The Hardest Logic Puzzle Ever

Besides working on Prometheus, I like to distract myself from time to time trying to solve riddles and logic puzzles procured by philosophers. Raymond Smullyan, a prominent logician, has a number of logic puzzles available online for people to solve. I’m proud to say that I solved a fair number of them but there’s this one particular puzzle by Smullyan that’s been coined by many philosophers to be “The hardest logic puzzle ever.”  I found this early on in September 2008 and I’ve contemplated and quarreled with myself trying to solve this puzzle.  Here’s how it goes:

“Three gods A, B, and C are called, in some order, True, False, and Random. True always speaks truly, False always speaks falsely, but whether Random speaks truly or falsely is a completely random matter.

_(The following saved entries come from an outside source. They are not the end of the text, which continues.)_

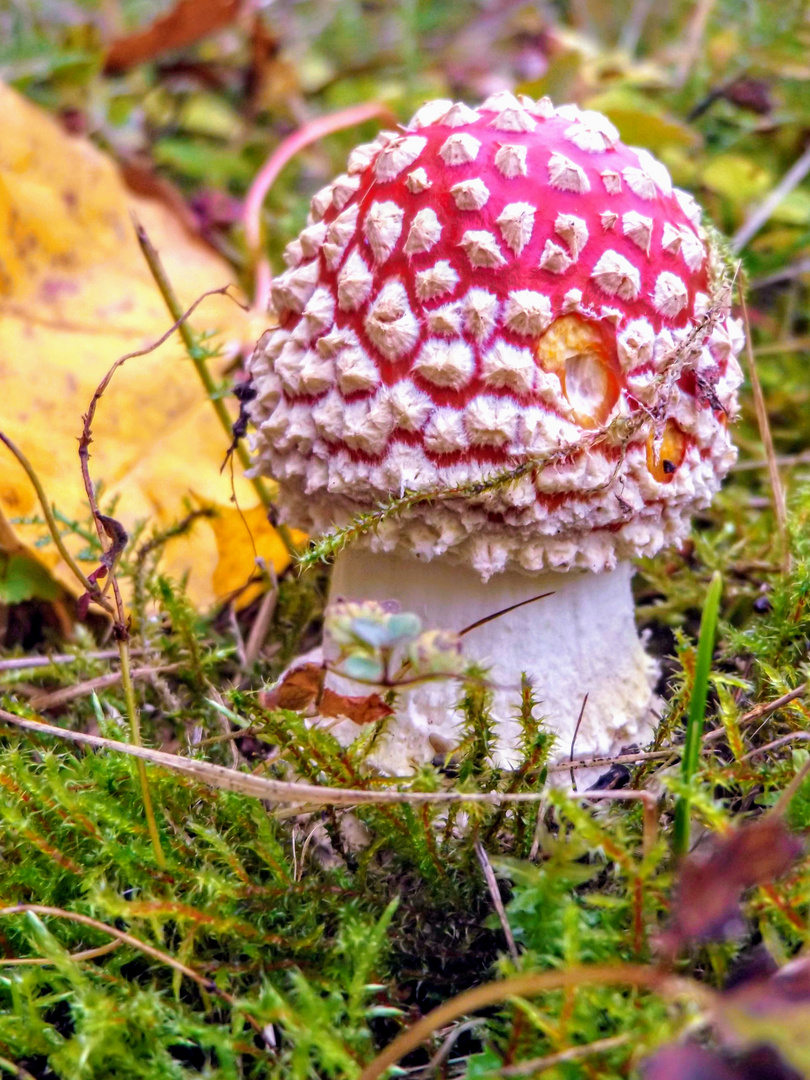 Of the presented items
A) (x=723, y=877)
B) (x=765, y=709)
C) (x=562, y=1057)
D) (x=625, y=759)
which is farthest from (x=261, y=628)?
(x=723, y=877)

Your task is to determine the identities of A, B, and C by asking three yes-no questions; each question must be put to exactly one god. The gods understand English, but will answer all questions in their own language, in which the words for yes and no are ‘da’ and ‘ja’, in some order. You do not know which word means which.”

Here’s a few clarifications about the puzzle.

1. It could be that some god gets asked more than one question (and hence that some god is not asked any question at all).

2. What the second question is, and to which god it is put, may depend on the answer to the first question. (And of course similarly for the third question.)

3. Whether Random speaks truly or not should be thought of as depending on the flip of a coin hidden in his brain: if the coin comes down heads, he speaks truly; if tails, falsely.

4. Random will answer ‘da’ or ‘ja’ when asked any yes-no question.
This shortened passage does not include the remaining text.